→ **Exercise aim**
In the entries that follow, repeat exactly the lines from the one that has "J-bedtime 床寢時光 100%石墨烯發熱可水洗棉被" through the one that has "Businesspeople Shaking Hands", but omit pictures.

→ **Entries provided**
**********
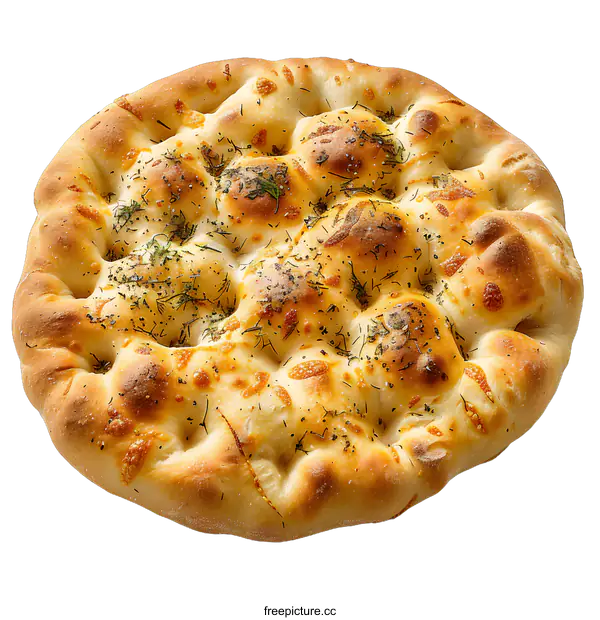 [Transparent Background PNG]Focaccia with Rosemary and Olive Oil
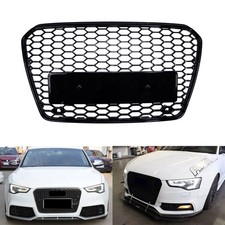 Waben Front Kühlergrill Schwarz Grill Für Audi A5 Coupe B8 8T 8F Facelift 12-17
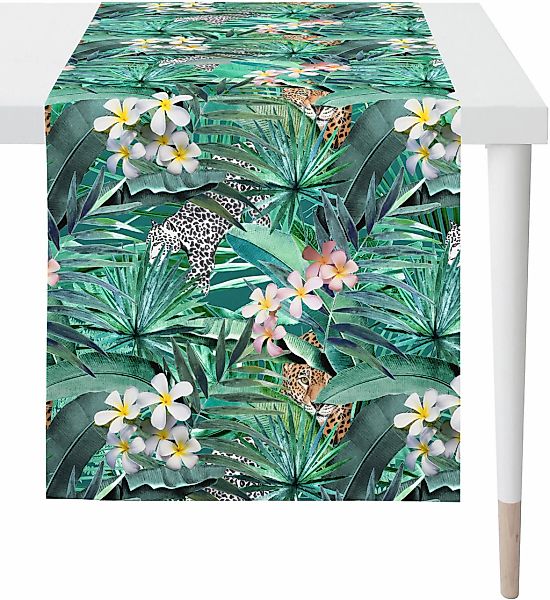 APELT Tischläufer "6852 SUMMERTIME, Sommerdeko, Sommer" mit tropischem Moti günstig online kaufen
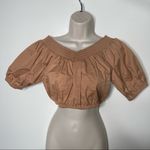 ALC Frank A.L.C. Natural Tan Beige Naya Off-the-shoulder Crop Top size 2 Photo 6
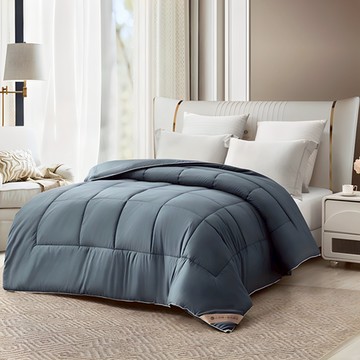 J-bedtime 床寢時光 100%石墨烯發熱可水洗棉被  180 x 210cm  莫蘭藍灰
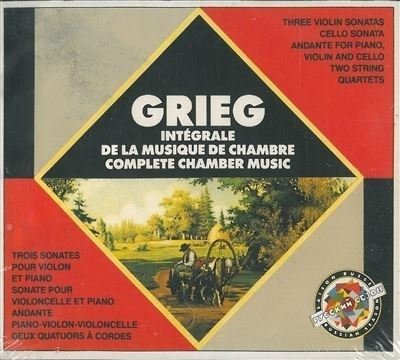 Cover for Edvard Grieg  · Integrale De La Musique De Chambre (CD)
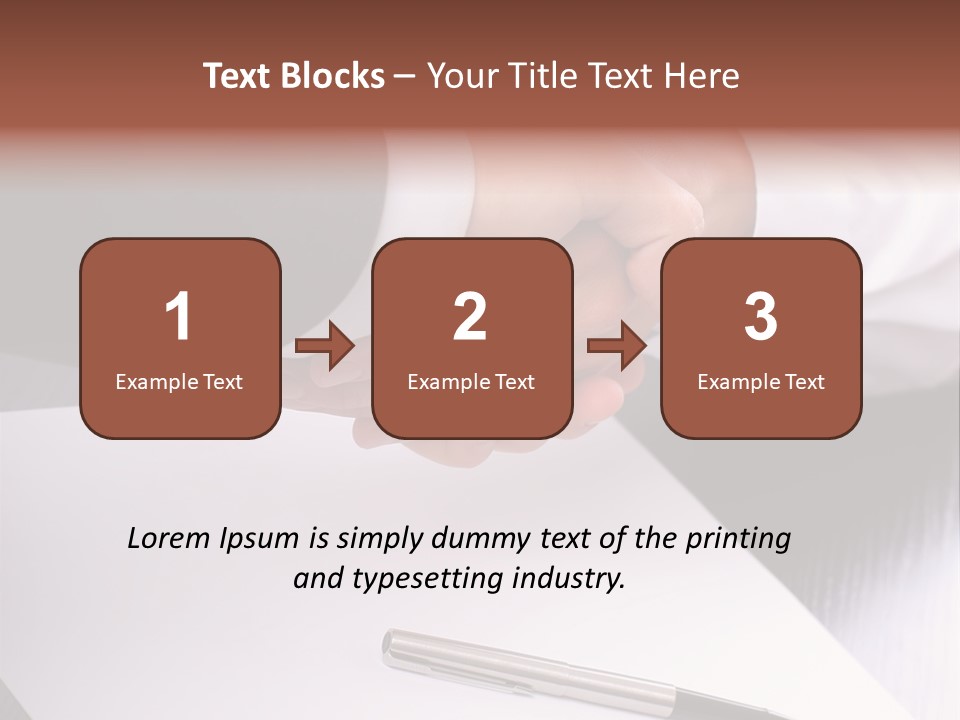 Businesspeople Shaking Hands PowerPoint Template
**********
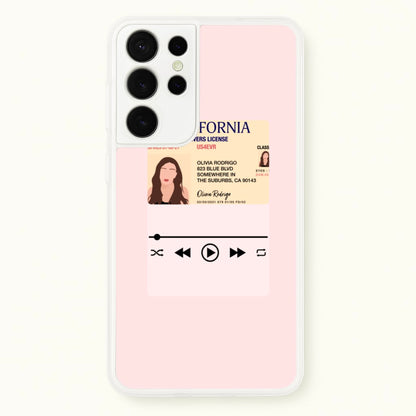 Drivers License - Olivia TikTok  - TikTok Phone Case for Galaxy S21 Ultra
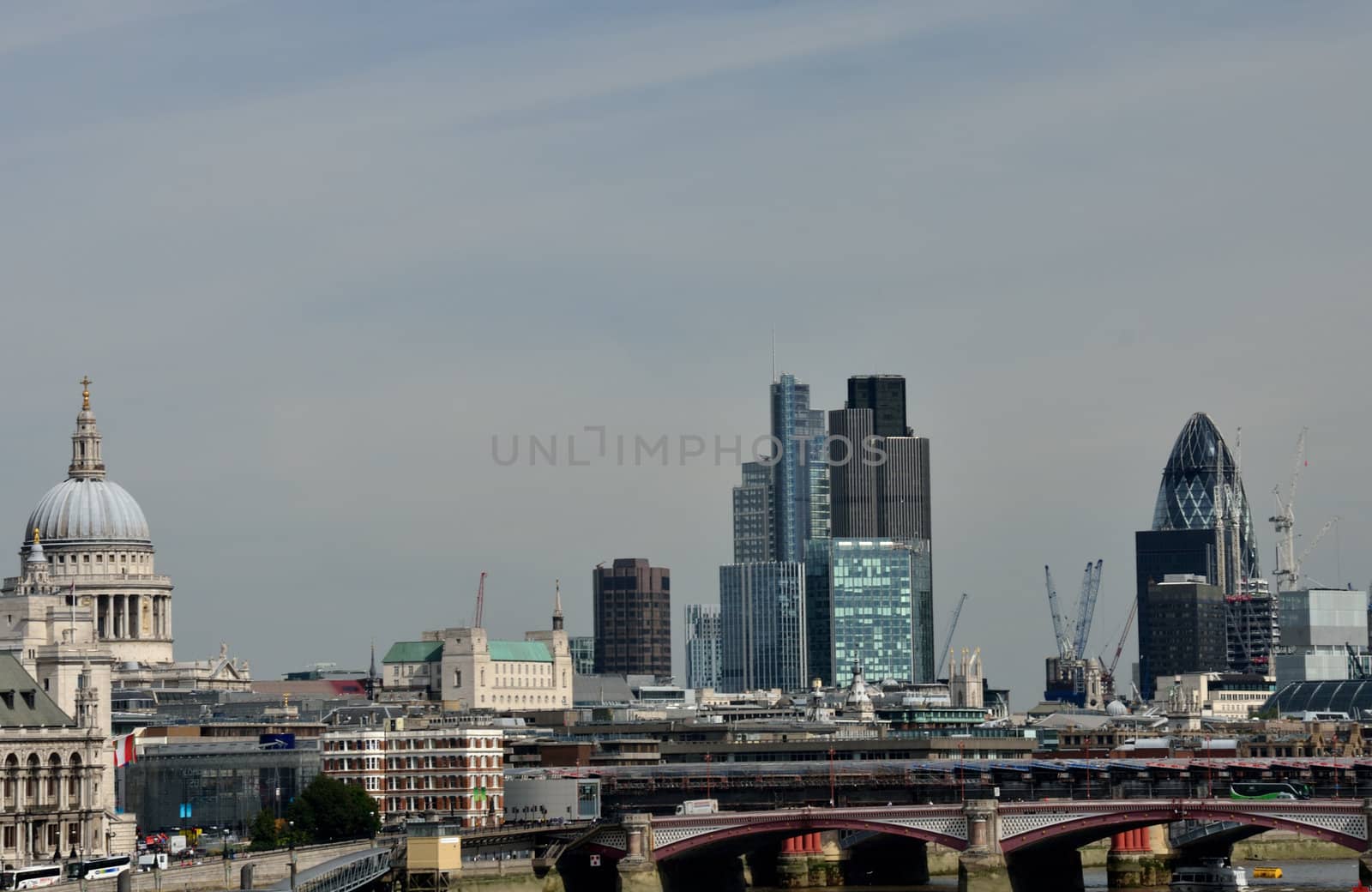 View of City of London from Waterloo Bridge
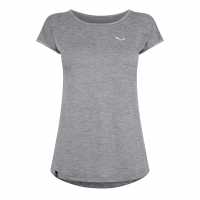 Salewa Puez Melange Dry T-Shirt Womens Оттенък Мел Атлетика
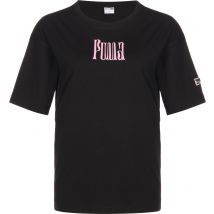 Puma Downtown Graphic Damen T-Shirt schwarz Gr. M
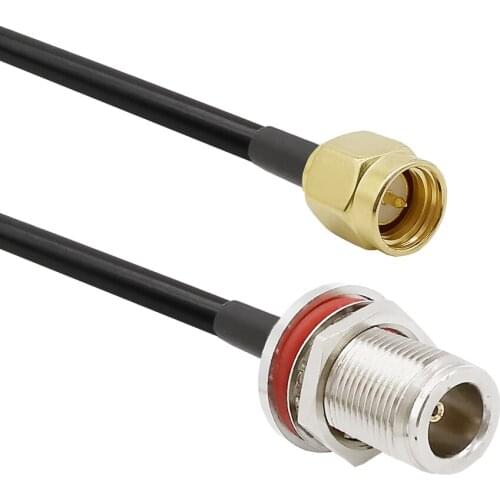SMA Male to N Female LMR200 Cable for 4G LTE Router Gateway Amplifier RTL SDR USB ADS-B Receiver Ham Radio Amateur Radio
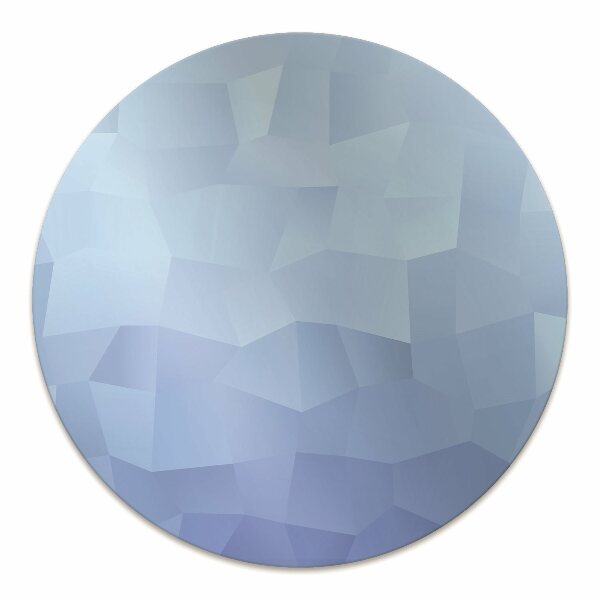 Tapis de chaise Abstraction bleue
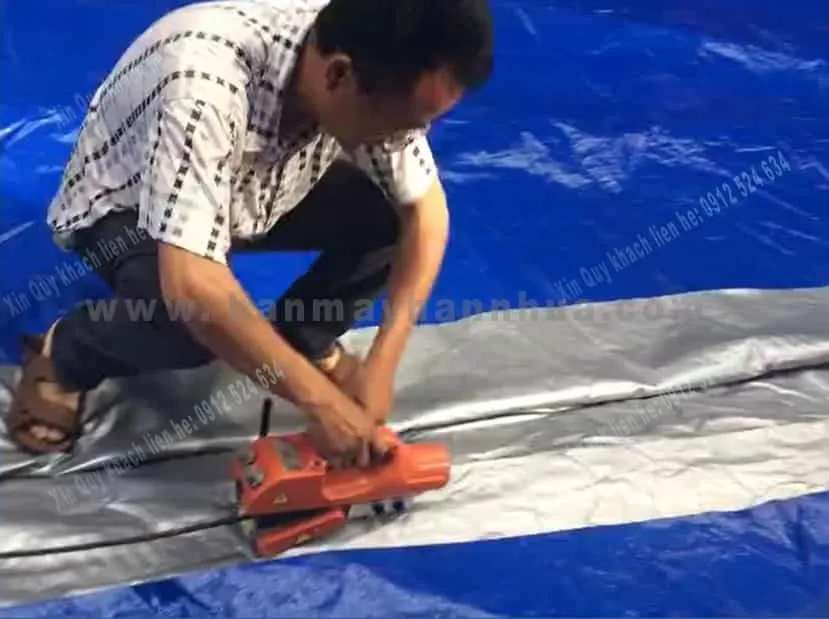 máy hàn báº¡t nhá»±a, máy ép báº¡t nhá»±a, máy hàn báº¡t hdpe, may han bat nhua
**********
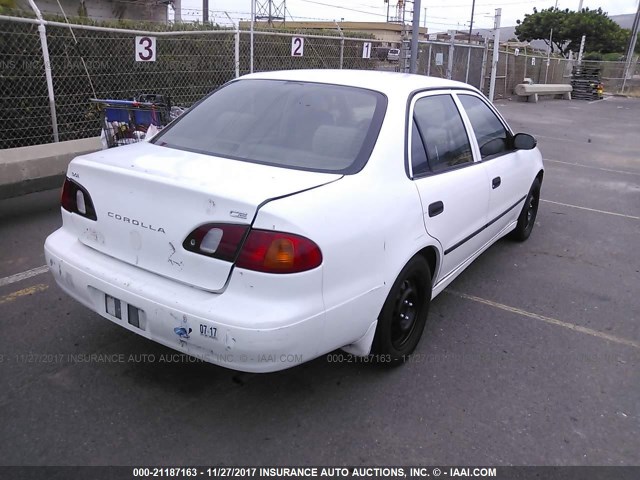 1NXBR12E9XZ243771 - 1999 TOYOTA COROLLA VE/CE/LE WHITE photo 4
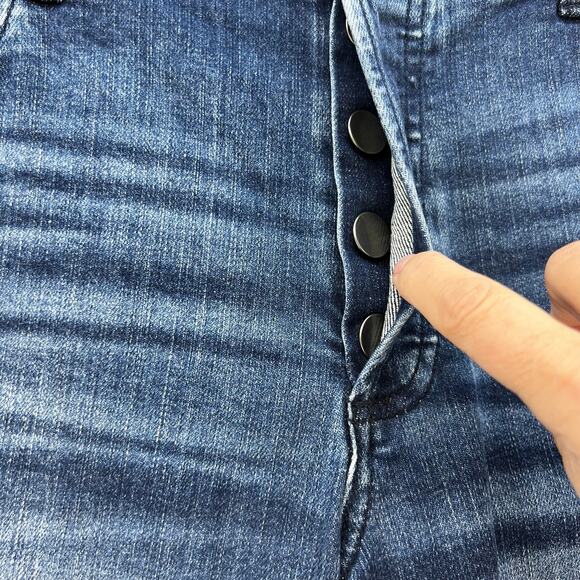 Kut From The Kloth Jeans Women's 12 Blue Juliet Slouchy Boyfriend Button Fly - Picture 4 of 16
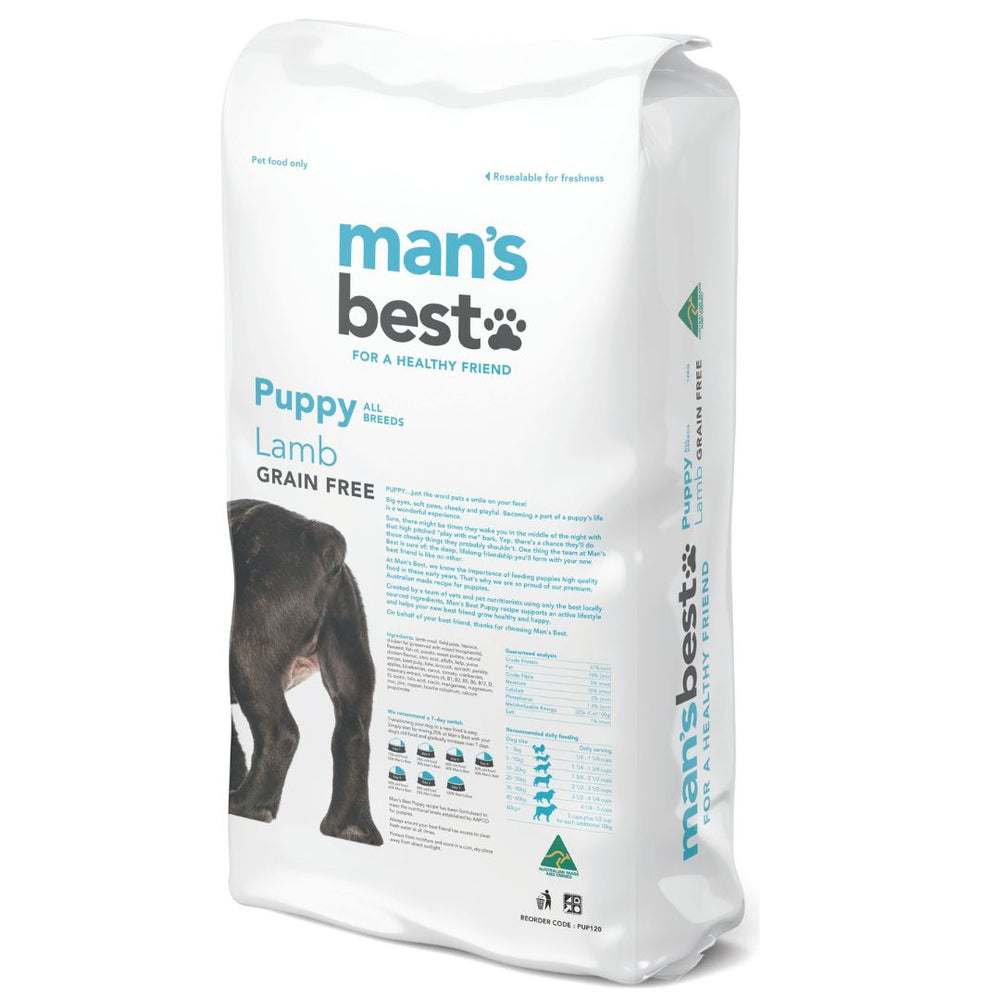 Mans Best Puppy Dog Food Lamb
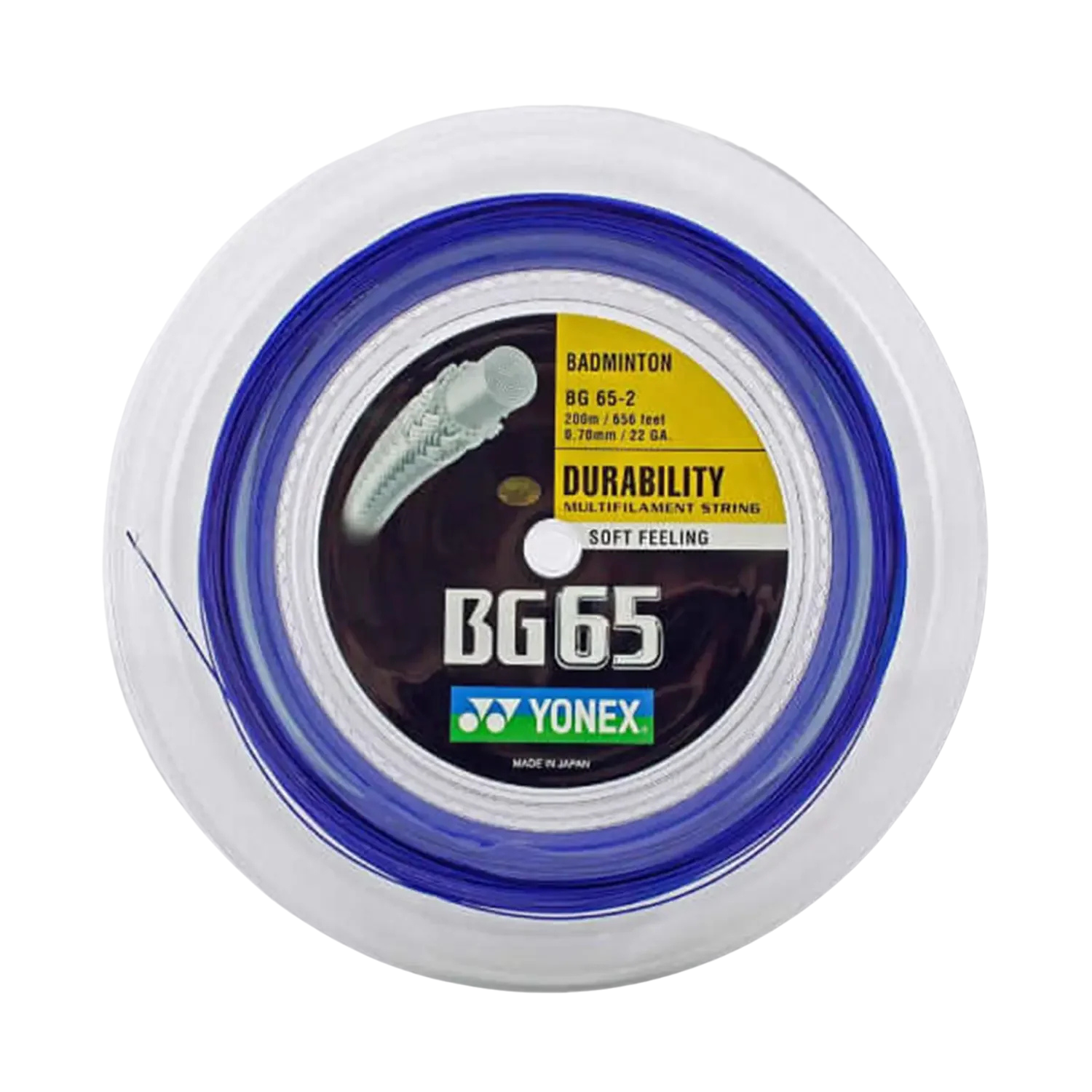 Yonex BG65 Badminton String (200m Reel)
**********
→ **Task answer**
 J-bedtime 床寢時光 100%石墨烯發熱可水洗棉被  180 x 210cm  莫蘭藍灰
 Cover for Edvard Grieg  · Integrale De La Musique De Chambre (CD)
 Businesspeople Shaking Hands PowerPoint Template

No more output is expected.